Der Fischer Lorenz Reisinger zog nach seiner ersten vollen Spielzeit in der höchsten oberösterreichischen Spielklasse und einer Leistung vom Feinsten ein Prachtexemplar an Land - Sieg. A Star was born. Ich wusste, dieses Talent musste ich behutsam aufbauen, darf es nicht durch Dauereinsätze mit 16 Jahren verbrennen. Ein 16-jähriger Rohdiamant kann noch nicht konstant über eine ganze Meisterschaft grandiosen Fußball spielen, aber dieses Spiel zeigte, dass er in ein paar Jahren eine ganz wichtige Fixgröße in der OÖ-Liga sein würde oder sogar einmal im Profifußball Fuß fassen könnte.
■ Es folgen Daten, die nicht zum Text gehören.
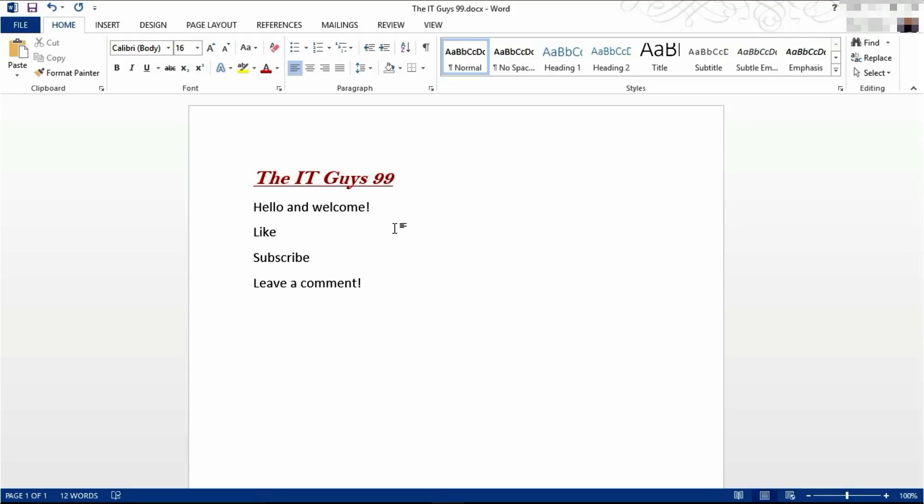Hello and welcome back to Microsoft Word 2013. This is the second part of our tutorial series and today we're going to be having a look at bullets and numbering.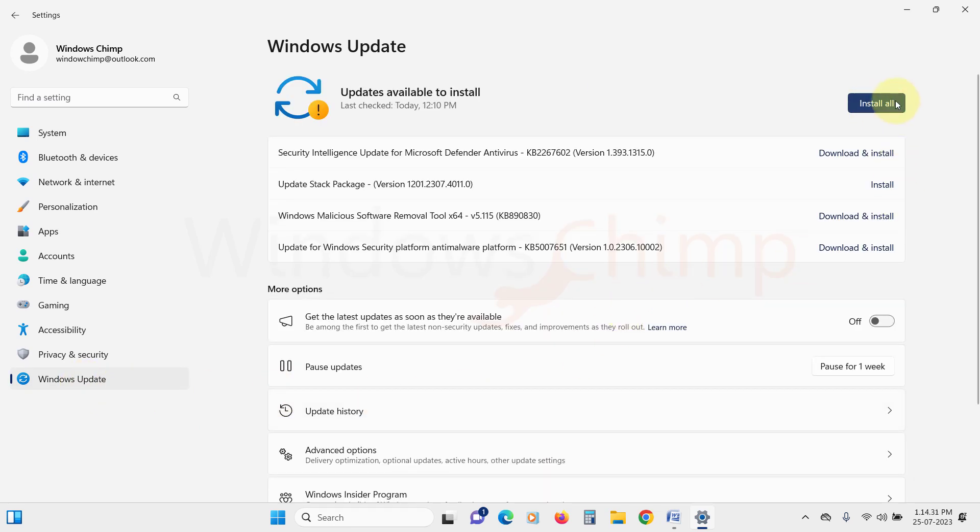Click Check for Updates. Windows will scan the server for newer updates and populate the screen with the same if available. Click on Download and Install to install any critical Windows updates available.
Doch nun ist alles aus – Lorenz hat seinen wichtigsten Abwehrkampf gegen eine Krankheit verloren. Der Ball rollt weiter, auch im Sinne von Lorenz Reisinger. Seine Teamkollegen aus Weißkirchen werden den Abstiegskampf heuer in der 2. Landesliga im Gedenken an Lorenz ab Karsamstag erfolgreich bestreiten. Einer der im Juni bei der Saisonabschlussfeier unter ihnen weilen wird – Lorenz Reisinger, der mit seinem ersten Pflichtspieltor gegen St. Magdalena zum 1:1-Endstand, das ich zufällig auch live erlebt habe, Weißkirchen wieder auf die Erfolgsspur im Abstiegskampf zurück gebracht hat. Unweit der Stätte seines ersten Pflichtspieltors werden wir am Mittwoch von Lorenz Abschied nehmen. Es werden wahrscheinlich auch einige Freunde aus der OÖ-Liga anwesend sein. Aus einer Liga, in die du auf Grund deines Talents, Siegeswillens und deiner Disziplin, mit 16 schon sehr gut gepasst hast. Danke auch, dich als Mensch kennen gelernt zu haben. Den Mythos von der „schwierigen" Weißkirchen-Elf habt du und deine Kollegen vom ersten Training an widerlegt.

 

Menschen treten in unser Leben

und begleiten uns eine Weile.

Einige bleiben für immer,

denn sie hinterlassen ihre Spuren in unseren Herzen.